I count too!
Last night I lay awake in bed with a puzzle racking my brain. How can I finish the sentence “sex offenders shouldn’t be allowed to vote, because ____”?
It’s an exercise I go through often, and certainly during every legislation session, where someone comes up with a new “sex offender” rule and I try to play devil’s advocate and come up with some previously unforeseeable scenario, where I can make the rule seem rational.
Sex offenders can’t be garbage men? OK… how about ‘sex offenders shouldn’t be allowed to haul garbage because they may drive past a kid and toss them in the truck?’ Or, how about ‘sex offenders shouldn’t be permitted to work as garbage men because they could rummage through people’s trash looking for discarded photos of children.”
Or last year’s ridiculous “drone bill”? OK… how about ‘sex offenders shouldn’t be allowed to own drones because drones may have cameras with which they can take pictures of kids… (as opposed to cell phones or actual cameras)’? Or, how about ‘sex offenders shouldn’t be allowed to own drones, because they may have an aerial fetish and could mishandle the remote control while masturbating which could cause it to crash and injure a child’?
But no matter how hard I thought about it or how random a scenario I envisioned, I could not come up with any rational reason why a bill that would restore voting rights to felons in Florida would expressly exclude murderers and sex offenders.
What’s the potential liability in voting? Schools are generally closed on election day, but even so, Florida offers vote-by-mail. Could they be worried that sex offenders will draw dirty pictures on their ballots?
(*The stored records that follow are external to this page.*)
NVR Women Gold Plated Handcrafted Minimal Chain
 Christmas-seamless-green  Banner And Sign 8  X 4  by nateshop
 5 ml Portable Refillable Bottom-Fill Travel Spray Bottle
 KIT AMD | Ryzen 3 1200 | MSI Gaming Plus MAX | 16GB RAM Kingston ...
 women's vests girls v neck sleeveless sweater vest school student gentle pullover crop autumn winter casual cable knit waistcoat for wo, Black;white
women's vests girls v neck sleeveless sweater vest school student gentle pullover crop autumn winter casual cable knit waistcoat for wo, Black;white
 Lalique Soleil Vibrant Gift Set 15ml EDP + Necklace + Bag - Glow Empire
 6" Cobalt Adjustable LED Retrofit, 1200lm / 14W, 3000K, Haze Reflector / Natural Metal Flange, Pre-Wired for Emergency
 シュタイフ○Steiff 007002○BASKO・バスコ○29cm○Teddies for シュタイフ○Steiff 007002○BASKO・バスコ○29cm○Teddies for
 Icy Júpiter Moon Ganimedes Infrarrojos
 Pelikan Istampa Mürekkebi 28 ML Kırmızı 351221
As far fetched as I could envision the scenarios, I couldn’t come up with a single valid justification for excluding sex offenders (or murderers, for that matter) from voting. Voting!!!! Seriously, what’s the horrible harm that can come of it?
It really, really bothers me!
Why, you may ask, does it “really, really” bother me? When there are so many other sex offender challenges to battle; such as residency restrictions, proximity ordinances, burdensome in-person registration requirements and my chronic underemployment caused by the public shaming list, why is my right to cast a vote every few years even on the radar of things that eat away at me?
Because all these other rules and restrictions are driven by government. Whether you believe that every vote counts or one vote won’t make a difference, it would be nice to at least have some say. Excluding me from my right to vote, while convicted armed robbers and drug kingpins will be able to, is a slap in my face. It says, you don’t matter. You don’t count!
Well I count too!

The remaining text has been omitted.